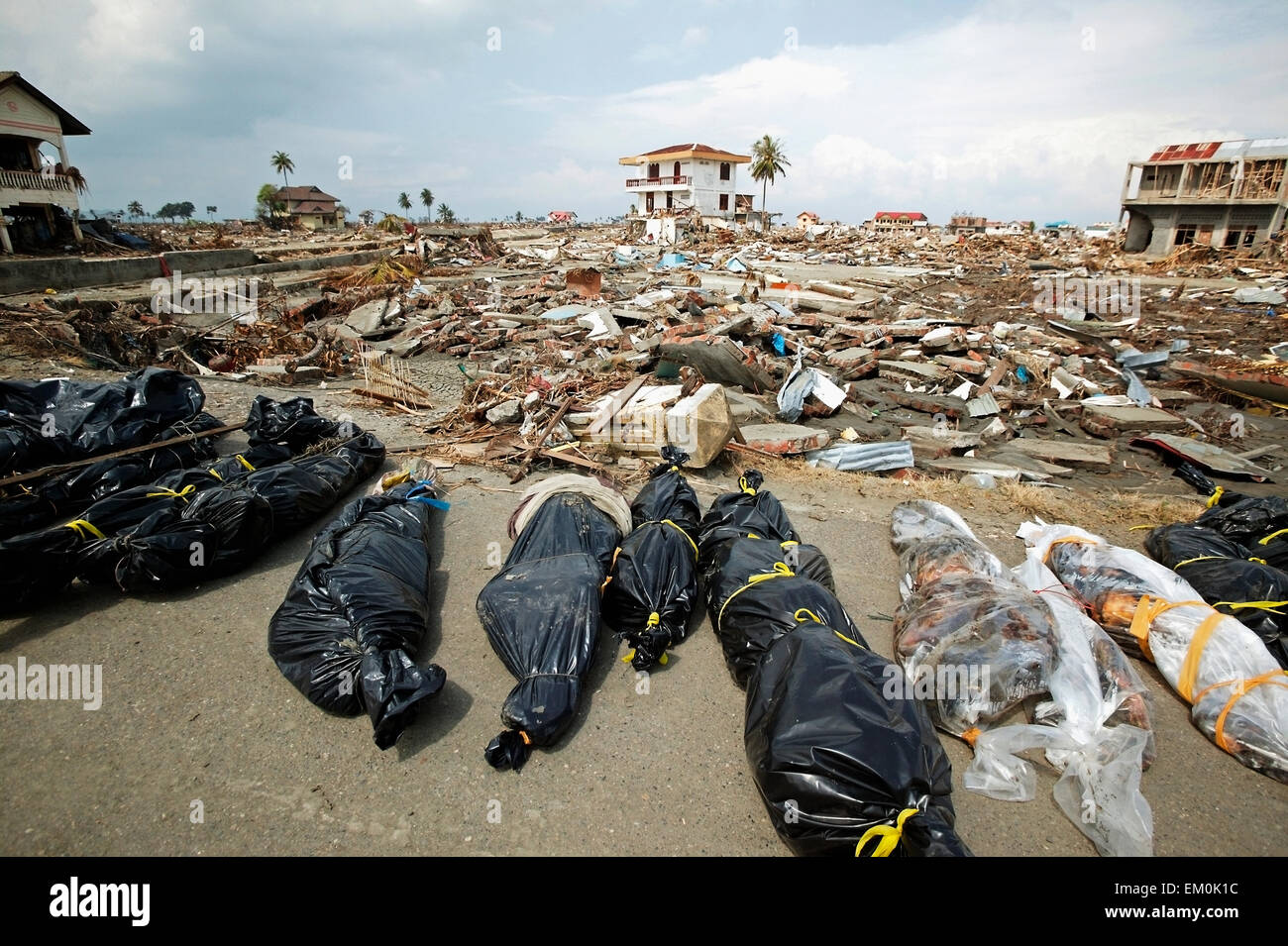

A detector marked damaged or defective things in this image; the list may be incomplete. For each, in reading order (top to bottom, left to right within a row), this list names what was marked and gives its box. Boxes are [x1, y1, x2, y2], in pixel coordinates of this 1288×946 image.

damaged two-story house [0, 71, 89, 254]
damaged two-story house [1110, 137, 1284, 256]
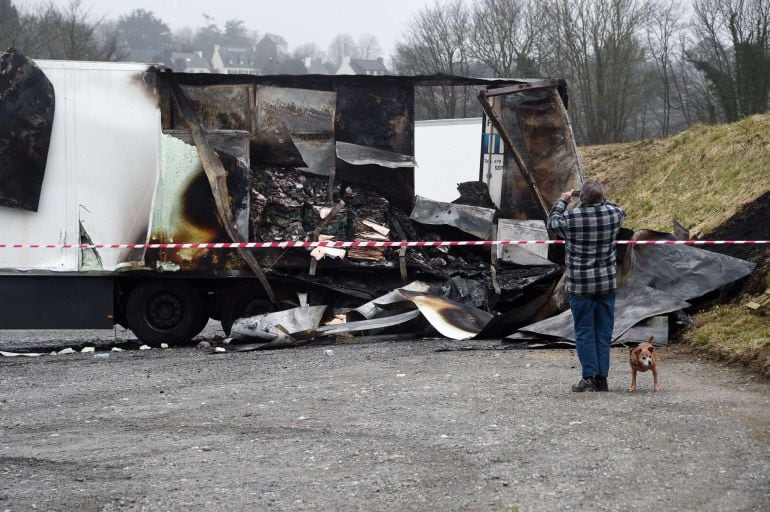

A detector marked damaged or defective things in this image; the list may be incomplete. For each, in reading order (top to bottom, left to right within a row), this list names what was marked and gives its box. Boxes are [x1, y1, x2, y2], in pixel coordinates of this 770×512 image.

burnt metal sheet [0, 49, 54, 212]
burned truck trailer [0, 52, 576, 342]
charred truck [0, 51, 584, 344]
burnt metal sheet [255, 85, 332, 176]
burnt metal sheet [332, 142, 412, 168]
burnt metal sheet [412, 196, 496, 240]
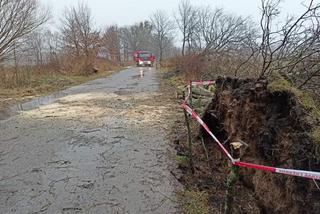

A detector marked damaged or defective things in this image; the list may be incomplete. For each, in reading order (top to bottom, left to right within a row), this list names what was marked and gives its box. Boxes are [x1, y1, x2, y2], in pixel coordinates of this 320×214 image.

damaged road [0, 67, 180, 213]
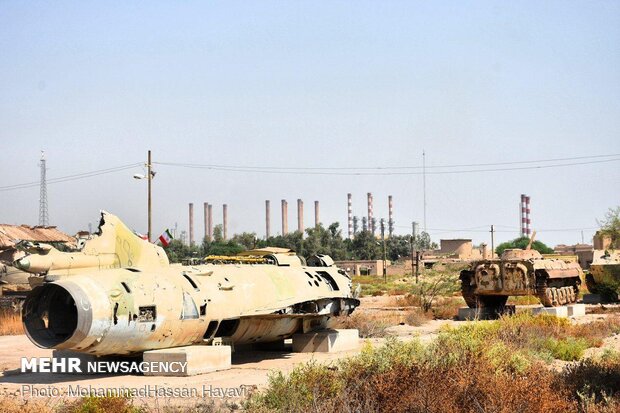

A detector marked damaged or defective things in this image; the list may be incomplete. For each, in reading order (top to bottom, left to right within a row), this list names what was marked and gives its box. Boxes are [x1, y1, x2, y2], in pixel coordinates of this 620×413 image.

rusted metal surface [0, 224, 73, 249]
damaged aircraft fuselage panel [23, 212, 358, 354]
rusted metal surface [23, 212, 358, 354]
wrecked fighter jet [21, 211, 360, 356]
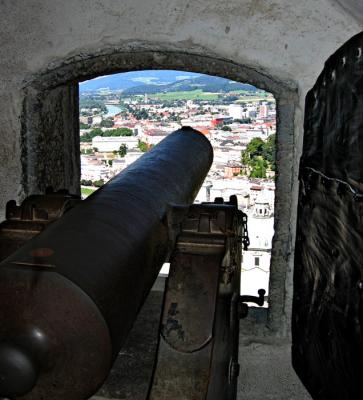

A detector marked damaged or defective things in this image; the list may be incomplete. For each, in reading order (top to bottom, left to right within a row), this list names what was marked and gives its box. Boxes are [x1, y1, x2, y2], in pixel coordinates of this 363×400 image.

rusty metal surface [0, 128, 213, 400]
rusty metal surface [149, 198, 246, 400]
rusty metal surface [292, 32, 363, 400]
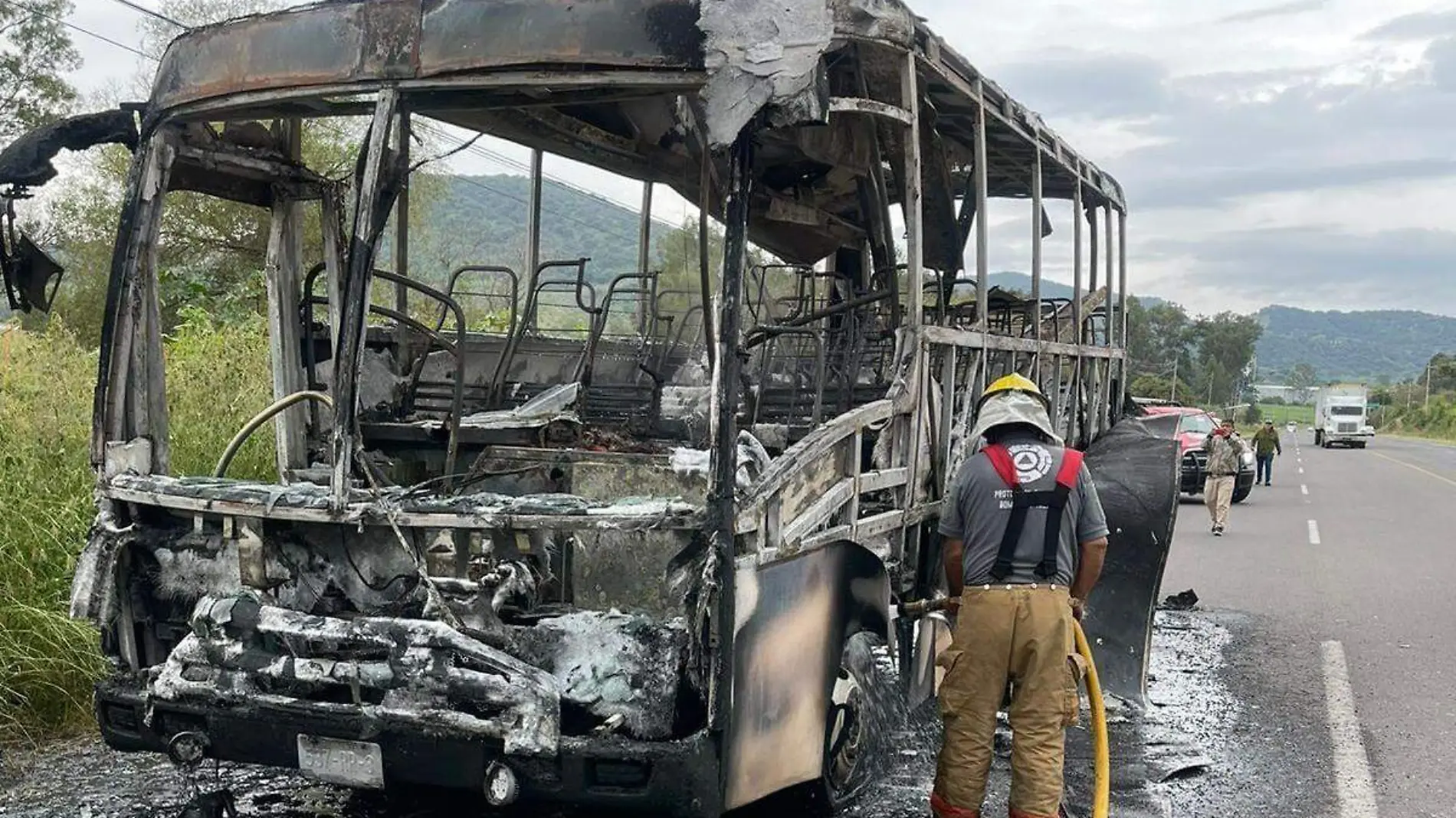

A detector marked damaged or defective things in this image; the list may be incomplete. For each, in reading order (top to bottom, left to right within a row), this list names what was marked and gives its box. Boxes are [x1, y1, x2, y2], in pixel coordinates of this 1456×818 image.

burnt engine compartment [107, 497, 710, 744]
charred bus frame [0, 3, 1136, 809]
burned bus [0, 3, 1176, 809]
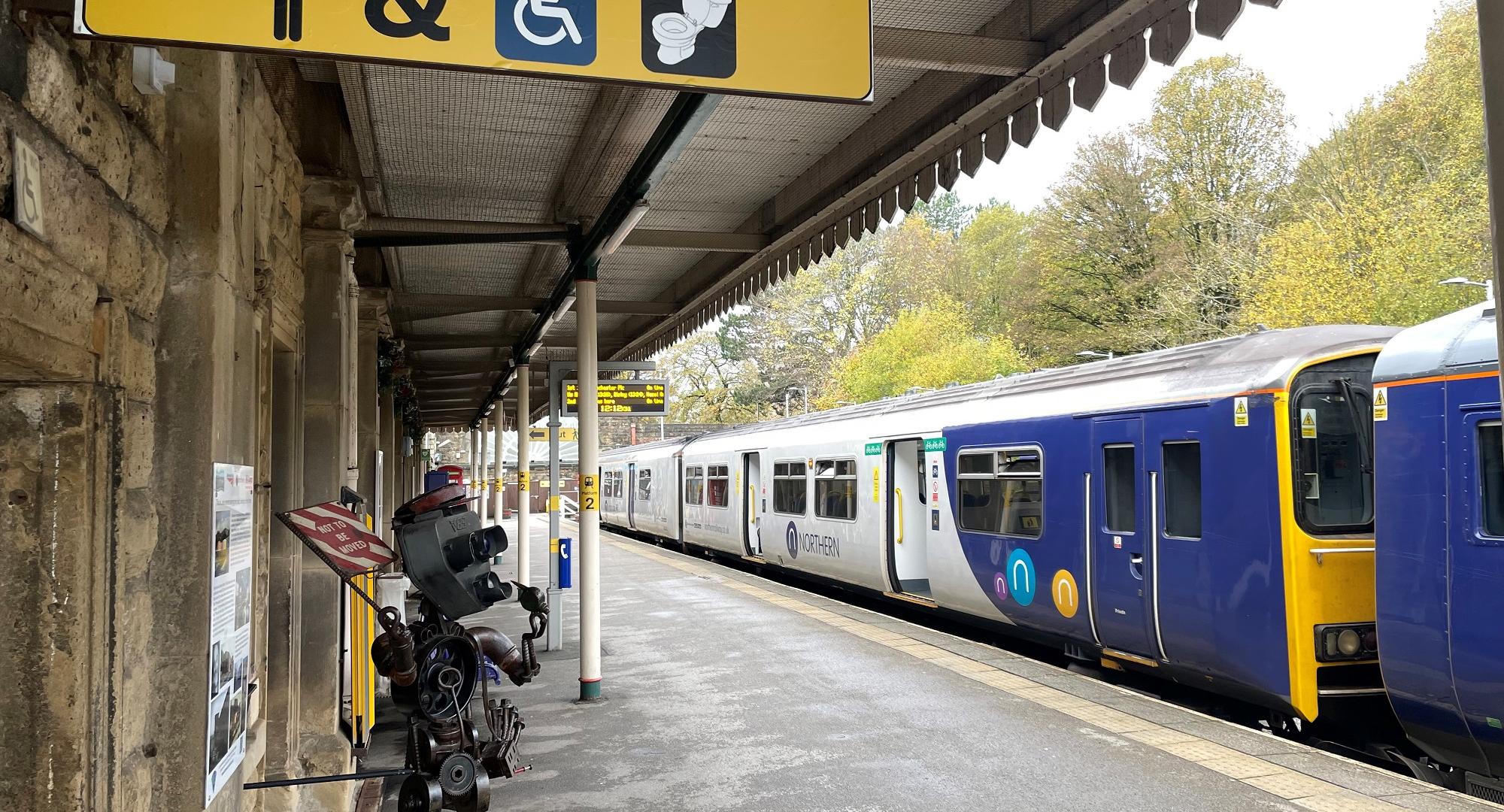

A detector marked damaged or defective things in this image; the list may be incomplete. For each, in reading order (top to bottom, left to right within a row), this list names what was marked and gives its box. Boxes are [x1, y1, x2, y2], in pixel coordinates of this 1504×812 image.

rusty metal machinery [376, 484, 553, 806]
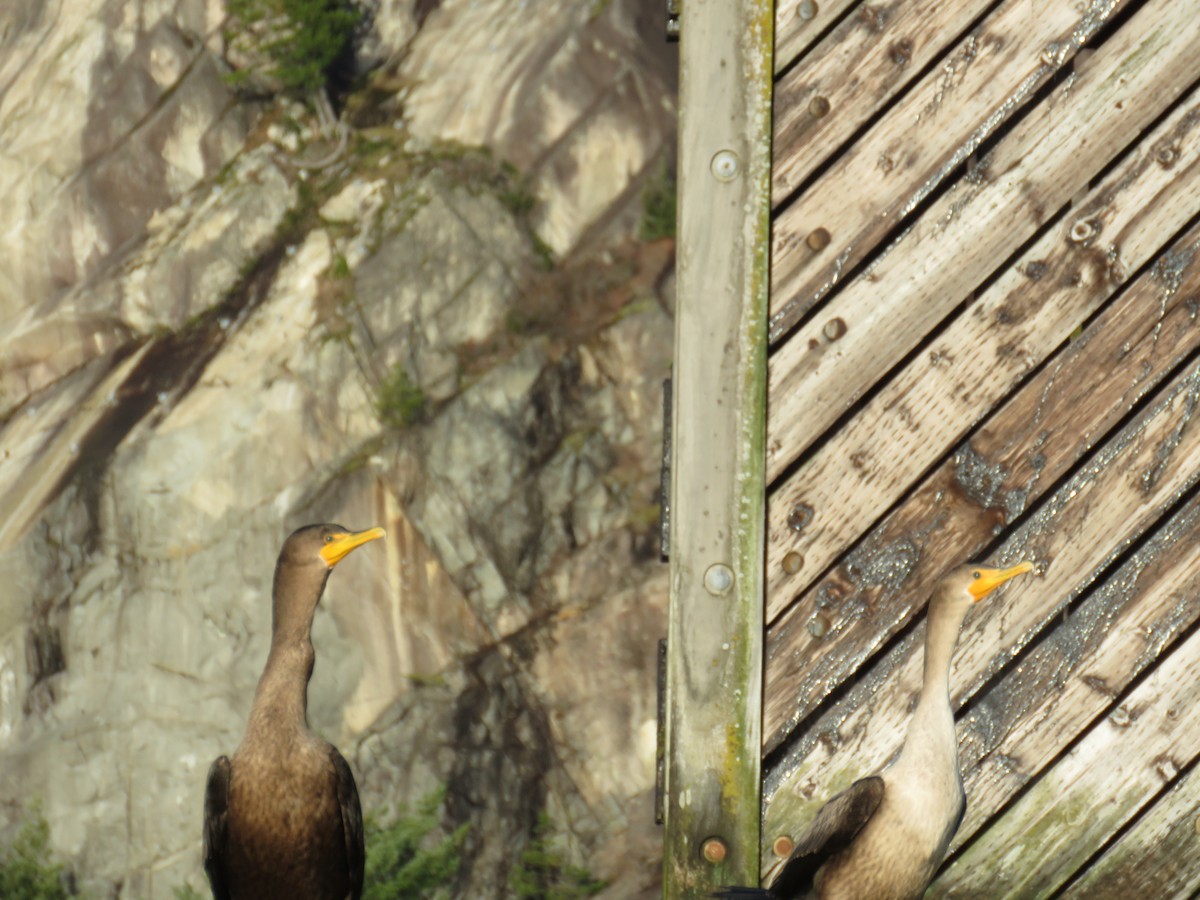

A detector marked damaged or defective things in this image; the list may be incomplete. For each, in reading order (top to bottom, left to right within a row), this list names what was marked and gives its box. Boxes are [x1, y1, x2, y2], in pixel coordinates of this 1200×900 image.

rusty bolt [806, 226, 835, 252]
rusty bolt [782, 549, 801, 578]
rusty bolt [700, 840, 724, 868]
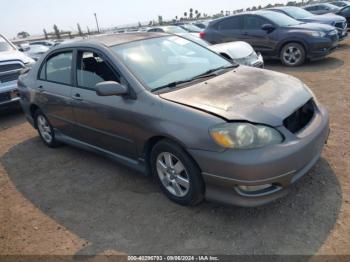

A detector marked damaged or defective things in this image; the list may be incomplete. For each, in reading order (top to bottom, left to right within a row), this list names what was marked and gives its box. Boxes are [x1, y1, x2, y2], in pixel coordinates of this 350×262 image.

cracked hood [159, 66, 312, 126]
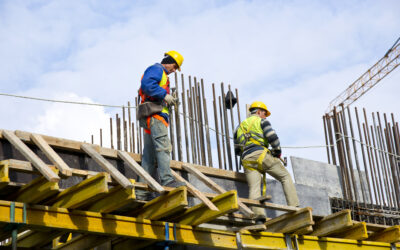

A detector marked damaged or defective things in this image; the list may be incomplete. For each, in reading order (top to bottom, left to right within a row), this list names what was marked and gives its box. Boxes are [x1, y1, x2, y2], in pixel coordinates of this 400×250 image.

rusty steel bar [332, 107, 348, 199]
rusty steel bar [346, 106, 366, 204]
rusty steel bar [354, 106, 374, 204]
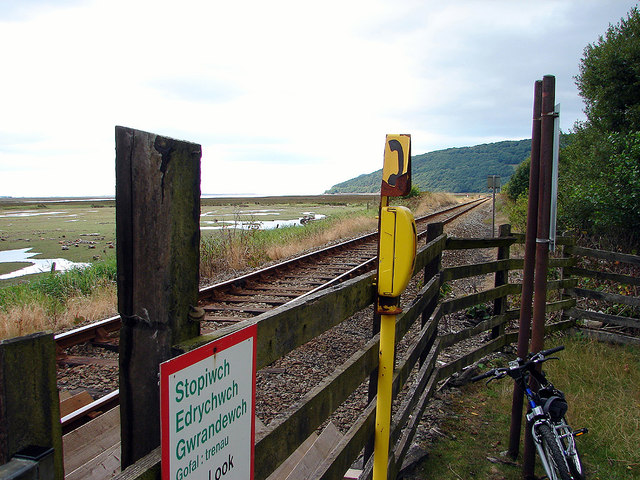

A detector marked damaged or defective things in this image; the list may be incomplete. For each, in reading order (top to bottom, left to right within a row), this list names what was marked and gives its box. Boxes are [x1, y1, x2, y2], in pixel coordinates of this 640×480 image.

rusty metal pole [508, 79, 544, 458]
rusty metal pole [524, 73, 556, 478]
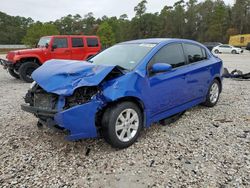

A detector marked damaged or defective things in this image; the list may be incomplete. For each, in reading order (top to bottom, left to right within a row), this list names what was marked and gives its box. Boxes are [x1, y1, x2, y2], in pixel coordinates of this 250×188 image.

crumpled hood [32, 59, 116, 96]
damaged blue car [20, 38, 222, 148]
crushed front bumper [21, 100, 102, 141]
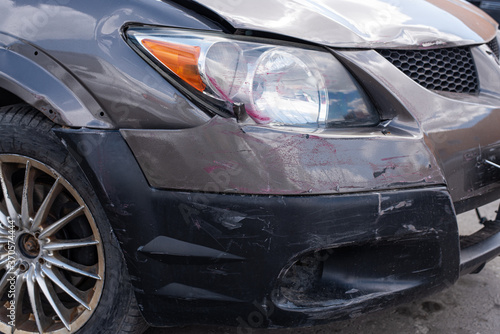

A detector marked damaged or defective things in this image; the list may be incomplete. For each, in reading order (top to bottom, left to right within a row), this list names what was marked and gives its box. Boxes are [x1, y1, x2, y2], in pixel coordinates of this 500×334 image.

cracked headlight [126, 27, 378, 129]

++++++++++

## Aim of the task
Give back exactly the lines from the one that contains "this 500×334 image." to the end of the data above, both of those lines included.

## Problem solution
A detector marked damaged or defective things in this image; the list may be incomplete. For each, in reading order (top to bottom, left to right within a row), this list names what was marked and gives its box. Boxes are [x1, y1, x2, y2], in pixel coordinates of this 500×334 image.

cracked headlight [126, 27, 378, 129]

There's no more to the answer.